Here are a couple from the "abandoned garage" shoot I did over Memorial Day weekend. This was my first real chance to play with the Mamiya 645. :love: I have a few more negatives I'm interested in printing, but have only had darkroom time for these two so far. 

These were printed on Ilford MG warm tone and developed in Ethol LPD 1:4 for an "ultra warm" combo. I split toned in a short diluted bleach bath with Fotospeed ST20 sepia. 

This was the front office of the old place. We were able to poke the door and walk right in. It was blistering hot outside that day, and inside with no circulation we were ready to melt! 

For fun, I masked off the back of the chair and the desk handles to retain their silver look. There was a battered old directory on the floor and I masked it, as well. 









We also headed to the main garage area. It was _very_ dark back there and we blew off several frames, bracketing. On this image, I masked off the overhead fluorescent bulbs, the pail, and the forgotten glove in the bottom left.







There was another little storage area back there that I shot, and hopefully I'll get those up soon. It was a hot and therefore uncomfortable shoot, but fun. 

Thanks for looking!


----------



## mysteryscribe (Jun 4, 2006)

you can really tell the difference between scans and prints.  These are gorgeous.


----------



## Chiller (Jun 4, 2006)

These are soooooooo cool Terri. Love it.  I would love to wander in there, heat and all


----------



## subtledreamer (Jun 5, 2006)

your thread took my post-virginity :lmao: 

very nice... i love the sepia & overall 'feel' of the photos, definitely looking forward to your other prints!


----------



## terri (Jun 5, 2006)

Thank you so much, Jonathan - and welcome to TPF. I am proud to know I took your post-virginity!  That was good.
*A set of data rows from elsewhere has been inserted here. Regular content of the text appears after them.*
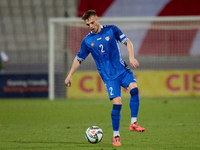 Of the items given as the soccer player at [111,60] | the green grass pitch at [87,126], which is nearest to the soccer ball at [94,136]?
the green grass pitch at [87,126]

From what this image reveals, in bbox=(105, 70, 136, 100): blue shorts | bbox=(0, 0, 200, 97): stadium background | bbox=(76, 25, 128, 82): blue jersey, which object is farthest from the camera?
bbox=(0, 0, 200, 97): stadium background

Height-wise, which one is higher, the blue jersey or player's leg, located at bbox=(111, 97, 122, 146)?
the blue jersey

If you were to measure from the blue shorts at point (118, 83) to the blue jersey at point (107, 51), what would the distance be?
0.18ft

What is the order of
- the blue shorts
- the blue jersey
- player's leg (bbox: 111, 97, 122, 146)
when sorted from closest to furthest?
player's leg (bbox: 111, 97, 122, 146)
the blue shorts
the blue jersey

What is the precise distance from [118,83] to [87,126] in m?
2.17

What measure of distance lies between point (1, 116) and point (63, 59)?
18.9ft

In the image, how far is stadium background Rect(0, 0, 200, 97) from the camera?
13.4 metres

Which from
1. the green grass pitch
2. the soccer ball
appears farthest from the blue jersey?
the green grass pitch

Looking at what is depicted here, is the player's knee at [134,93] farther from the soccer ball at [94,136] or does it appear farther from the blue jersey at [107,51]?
the soccer ball at [94,136]

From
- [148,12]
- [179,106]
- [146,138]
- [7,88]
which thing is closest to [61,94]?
[7,88]

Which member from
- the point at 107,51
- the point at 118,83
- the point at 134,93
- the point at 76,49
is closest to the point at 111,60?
the point at 107,51

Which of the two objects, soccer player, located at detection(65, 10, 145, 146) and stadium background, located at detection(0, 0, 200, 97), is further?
stadium background, located at detection(0, 0, 200, 97)

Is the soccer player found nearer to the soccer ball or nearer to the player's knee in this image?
the player's knee

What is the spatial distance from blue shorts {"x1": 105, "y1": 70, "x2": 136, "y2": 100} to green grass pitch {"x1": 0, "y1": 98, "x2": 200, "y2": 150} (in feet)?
2.26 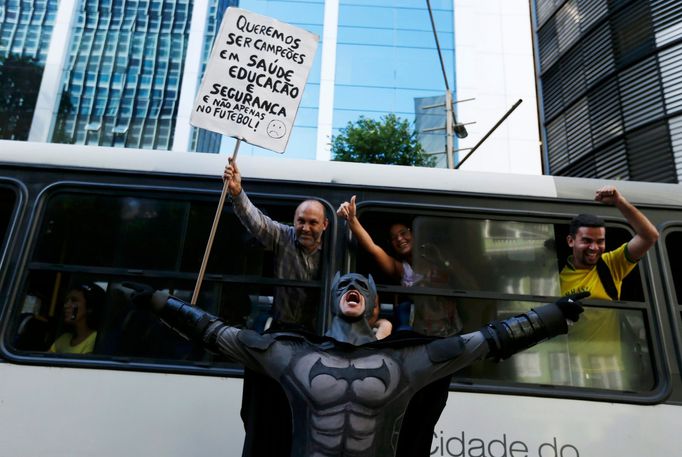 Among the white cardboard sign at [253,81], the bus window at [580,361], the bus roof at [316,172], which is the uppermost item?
the white cardboard sign at [253,81]

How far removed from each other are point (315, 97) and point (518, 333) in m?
18.3

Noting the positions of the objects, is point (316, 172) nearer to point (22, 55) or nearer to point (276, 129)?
point (276, 129)

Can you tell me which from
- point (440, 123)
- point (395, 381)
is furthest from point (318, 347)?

Thanks everyone, for the kind words.


----------



## santino (Jun 6, 2006)

whoaa terri #1 is awesome, I would love to get that print :thumbup:  

wouldn't you like to trade it for something of my stuff ? :blulsh2: :hail:


----------



## terri (Jun 6, 2006)

santino said:
			
		

> whoaa terri #1 is awesome, I would love to get that print :thumbup:
> 
> wouldn't you like to trade it for something of my stuff ? :blulsh2: :hail:


Are you kidding??      Shoot me a pm, I would love to have one of your lith prints!     :heart: 

Thanks!


----------



## motcon (Jun 6, 2006)

how did i miss these? these are 'terri yummy'.

i'd actually like a print of the first one as well. border signed.


----------



## terri (Jun 6, 2006)

I'm so happy you like it, Will.  I'll pm you when I print another one.


----------



## motcon (Jun 6, 2006)

terri said:
			
		

> I'm so happy you like it, Will.  I'll pm you when I print another one.



thank you. i'm saving wall space. let me know what you'd like in return. (wine, money, anything).


----------



## terri (Jun 6, 2006)

motcon said:
			
		

> thank you. i'm saving wall space. let me know what you'd like in return. (wine, money, anything).


How utterly dangerous of you to post that.  

I may insist upon a lith image of yours, now that I have seen a sample. :thumbup:


----------



## motcon (Jun 6, 2006)

terri said:
			
		

> How utterly dangerous of you to post that.



i need to keep in mind with whom i'm conversing when i type. that could've been disastrous.



			
				terri said:
			
		

> I may insist upon a lith image of yours, now that I have seen a sample. :thumbup:



would bring me great pleasure to print a lith for you.


----------



## terri (Jun 6, 2006)

> i need to keep in mind with whom i'm conversing when i type. that could've been disastrous.


It still might be - I've not quite decided yet.  




> would bring me great pleasure to print a lith for you.


oh, my! I must get to the darkroom soonest.


----------



## motcon (Jun 6, 2006)

terri said:
			
		

> It still might be - I've not quite decided yet.



you do realize that i, of course, considered editing my post, but you put the block on that by quoting me.

i feel vulnerable.


----------



## terri (Jun 6, 2006)

motcon said:
			
		

> you do realize that i, of course, considered editing my post, but you put the block on that by quoting me.
> 
> i feel vulnerable.


ahhhh! My intent has been exposed. 

:twisted:


----------



## motcon (Jun 7, 2006)

terri said:
			
		

> I'm so happy you like it, Will.  I'll pm you when I print another one.



email me (rather than pm) when you get around to printing another, terri.


----------